> **Work item**: Print the lines of the data, starting with the first, up to and including the line where "Umaira standing underwear" appears.

> **Supplied data**:
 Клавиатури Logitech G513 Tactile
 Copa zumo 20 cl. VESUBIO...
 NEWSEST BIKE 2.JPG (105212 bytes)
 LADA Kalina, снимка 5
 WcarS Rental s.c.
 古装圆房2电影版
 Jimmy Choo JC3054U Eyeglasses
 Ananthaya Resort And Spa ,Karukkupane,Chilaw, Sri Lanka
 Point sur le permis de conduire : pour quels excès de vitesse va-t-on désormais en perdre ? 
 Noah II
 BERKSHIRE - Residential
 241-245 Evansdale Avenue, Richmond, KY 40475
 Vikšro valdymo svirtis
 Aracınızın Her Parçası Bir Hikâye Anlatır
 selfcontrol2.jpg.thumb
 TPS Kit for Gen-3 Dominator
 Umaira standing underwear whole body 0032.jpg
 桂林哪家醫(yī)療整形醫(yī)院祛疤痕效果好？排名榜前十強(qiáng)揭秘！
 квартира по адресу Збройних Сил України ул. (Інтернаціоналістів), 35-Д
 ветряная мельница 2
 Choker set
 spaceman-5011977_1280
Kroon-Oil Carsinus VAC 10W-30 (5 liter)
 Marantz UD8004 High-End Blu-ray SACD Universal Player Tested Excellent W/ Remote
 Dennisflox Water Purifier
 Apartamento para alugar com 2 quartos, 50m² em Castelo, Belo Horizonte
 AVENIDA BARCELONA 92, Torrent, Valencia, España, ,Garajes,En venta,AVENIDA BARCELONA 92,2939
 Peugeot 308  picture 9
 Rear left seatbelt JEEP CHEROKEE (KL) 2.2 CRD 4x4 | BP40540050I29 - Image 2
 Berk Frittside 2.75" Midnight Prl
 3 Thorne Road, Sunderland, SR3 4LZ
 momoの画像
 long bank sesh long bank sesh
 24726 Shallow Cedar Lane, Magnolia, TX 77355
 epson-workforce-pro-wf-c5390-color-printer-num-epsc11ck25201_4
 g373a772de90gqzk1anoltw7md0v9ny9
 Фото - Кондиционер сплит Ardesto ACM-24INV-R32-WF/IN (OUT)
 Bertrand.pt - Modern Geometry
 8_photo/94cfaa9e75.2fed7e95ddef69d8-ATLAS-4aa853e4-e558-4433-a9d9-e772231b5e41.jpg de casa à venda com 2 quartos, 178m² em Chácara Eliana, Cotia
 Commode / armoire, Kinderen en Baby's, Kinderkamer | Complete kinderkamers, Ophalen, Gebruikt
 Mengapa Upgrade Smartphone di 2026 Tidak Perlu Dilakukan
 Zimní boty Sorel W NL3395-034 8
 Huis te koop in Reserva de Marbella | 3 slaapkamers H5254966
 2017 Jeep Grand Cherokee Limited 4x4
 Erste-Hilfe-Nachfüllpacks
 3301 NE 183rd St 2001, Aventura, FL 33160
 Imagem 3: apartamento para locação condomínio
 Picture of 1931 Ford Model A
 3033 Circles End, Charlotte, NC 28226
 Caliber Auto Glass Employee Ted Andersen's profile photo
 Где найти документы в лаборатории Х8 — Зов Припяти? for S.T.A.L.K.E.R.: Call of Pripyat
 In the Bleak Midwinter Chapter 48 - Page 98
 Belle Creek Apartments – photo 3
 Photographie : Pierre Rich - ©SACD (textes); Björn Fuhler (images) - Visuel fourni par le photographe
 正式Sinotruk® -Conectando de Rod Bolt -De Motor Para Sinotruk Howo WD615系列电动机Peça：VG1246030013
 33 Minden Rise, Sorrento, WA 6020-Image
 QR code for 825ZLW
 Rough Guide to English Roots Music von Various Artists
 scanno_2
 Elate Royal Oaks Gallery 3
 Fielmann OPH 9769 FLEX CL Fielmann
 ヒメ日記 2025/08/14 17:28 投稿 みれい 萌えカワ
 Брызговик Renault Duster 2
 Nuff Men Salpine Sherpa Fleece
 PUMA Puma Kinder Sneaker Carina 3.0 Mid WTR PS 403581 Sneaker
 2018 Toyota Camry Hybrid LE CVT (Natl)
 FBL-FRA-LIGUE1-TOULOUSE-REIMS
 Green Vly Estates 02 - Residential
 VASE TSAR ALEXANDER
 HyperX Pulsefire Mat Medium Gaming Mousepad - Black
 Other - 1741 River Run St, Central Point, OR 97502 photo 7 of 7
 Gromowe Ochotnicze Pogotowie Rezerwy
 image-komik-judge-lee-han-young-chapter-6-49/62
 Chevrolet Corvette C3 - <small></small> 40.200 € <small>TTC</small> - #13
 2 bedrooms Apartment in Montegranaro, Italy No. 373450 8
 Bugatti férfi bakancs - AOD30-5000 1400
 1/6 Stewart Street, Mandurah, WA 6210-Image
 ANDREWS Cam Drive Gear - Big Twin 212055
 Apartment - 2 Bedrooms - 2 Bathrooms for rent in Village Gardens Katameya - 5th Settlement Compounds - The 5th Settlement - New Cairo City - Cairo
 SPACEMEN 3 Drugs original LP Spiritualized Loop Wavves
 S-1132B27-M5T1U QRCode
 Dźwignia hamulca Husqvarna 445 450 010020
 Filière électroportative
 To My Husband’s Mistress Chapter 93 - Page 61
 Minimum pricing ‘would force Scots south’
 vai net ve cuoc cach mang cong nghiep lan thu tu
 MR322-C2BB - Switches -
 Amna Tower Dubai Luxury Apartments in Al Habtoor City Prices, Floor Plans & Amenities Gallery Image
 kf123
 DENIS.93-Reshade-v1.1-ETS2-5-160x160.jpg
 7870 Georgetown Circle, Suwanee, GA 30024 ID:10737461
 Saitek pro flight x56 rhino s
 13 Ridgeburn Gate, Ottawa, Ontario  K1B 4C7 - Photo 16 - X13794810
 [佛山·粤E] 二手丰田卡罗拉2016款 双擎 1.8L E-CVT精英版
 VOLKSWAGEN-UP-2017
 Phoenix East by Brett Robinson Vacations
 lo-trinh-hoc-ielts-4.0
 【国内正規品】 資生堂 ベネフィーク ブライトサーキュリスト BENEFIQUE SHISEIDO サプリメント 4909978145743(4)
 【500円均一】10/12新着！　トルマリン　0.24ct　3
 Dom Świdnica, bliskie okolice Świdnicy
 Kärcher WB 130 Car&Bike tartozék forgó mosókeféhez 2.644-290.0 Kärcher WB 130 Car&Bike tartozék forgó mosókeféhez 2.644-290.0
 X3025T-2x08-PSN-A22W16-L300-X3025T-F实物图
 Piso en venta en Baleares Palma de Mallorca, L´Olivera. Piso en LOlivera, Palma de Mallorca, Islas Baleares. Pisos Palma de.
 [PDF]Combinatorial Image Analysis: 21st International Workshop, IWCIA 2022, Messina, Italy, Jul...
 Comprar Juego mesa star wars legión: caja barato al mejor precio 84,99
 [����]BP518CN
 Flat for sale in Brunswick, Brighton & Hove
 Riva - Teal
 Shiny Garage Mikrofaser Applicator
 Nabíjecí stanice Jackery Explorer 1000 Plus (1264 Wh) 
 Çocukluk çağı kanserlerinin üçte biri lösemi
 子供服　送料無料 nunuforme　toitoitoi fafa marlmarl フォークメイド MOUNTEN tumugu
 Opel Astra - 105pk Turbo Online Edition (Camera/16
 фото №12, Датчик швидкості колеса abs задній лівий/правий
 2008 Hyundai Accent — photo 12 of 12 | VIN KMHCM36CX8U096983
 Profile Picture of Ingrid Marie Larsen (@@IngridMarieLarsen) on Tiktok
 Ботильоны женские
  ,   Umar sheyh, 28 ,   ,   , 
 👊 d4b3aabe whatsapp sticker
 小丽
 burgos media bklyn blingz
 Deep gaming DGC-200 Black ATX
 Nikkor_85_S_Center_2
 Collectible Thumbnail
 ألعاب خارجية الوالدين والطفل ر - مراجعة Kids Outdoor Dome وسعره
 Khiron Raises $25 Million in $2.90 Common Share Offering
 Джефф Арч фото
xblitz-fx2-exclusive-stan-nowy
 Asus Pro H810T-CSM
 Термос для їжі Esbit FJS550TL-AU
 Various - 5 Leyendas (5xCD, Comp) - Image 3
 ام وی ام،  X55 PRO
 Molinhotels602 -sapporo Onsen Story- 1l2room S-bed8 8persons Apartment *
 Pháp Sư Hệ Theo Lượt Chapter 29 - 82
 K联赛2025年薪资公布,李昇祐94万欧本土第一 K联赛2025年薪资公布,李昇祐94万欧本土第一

> **Task response**:
 Клавиатури Logitech G513 Tactile
 Copa zumo 20 cl. VESUBIO...
 NEWSEST BIKE 2.JPG (105212 bytes)
 LADA Kalina, снимка 5
 WcarS Rental s.c.
 古装圆房2电影版
 Jimmy Choo JC3054U Eyeglasses
 Ananthaya Resort And Spa ,Karukkupane,Chilaw, Sri Lanka
 Point sur le permis de conduire : pour quels excès de vitesse va-t-on désormais en perdre ? 
 Noah II
 BERKSHIRE - Residential
 241-245 Evansdale Avenue, Richmond, KY 40475
 Vikšro valdymo svirtis
 Aracınızın Her Parçası Bir Hikâye Anlatır
 selfcontrol2.jpg.thumb
 TPS Kit for Gen-3 Dominator
 Umaira standing underwear whole body 0032.jpg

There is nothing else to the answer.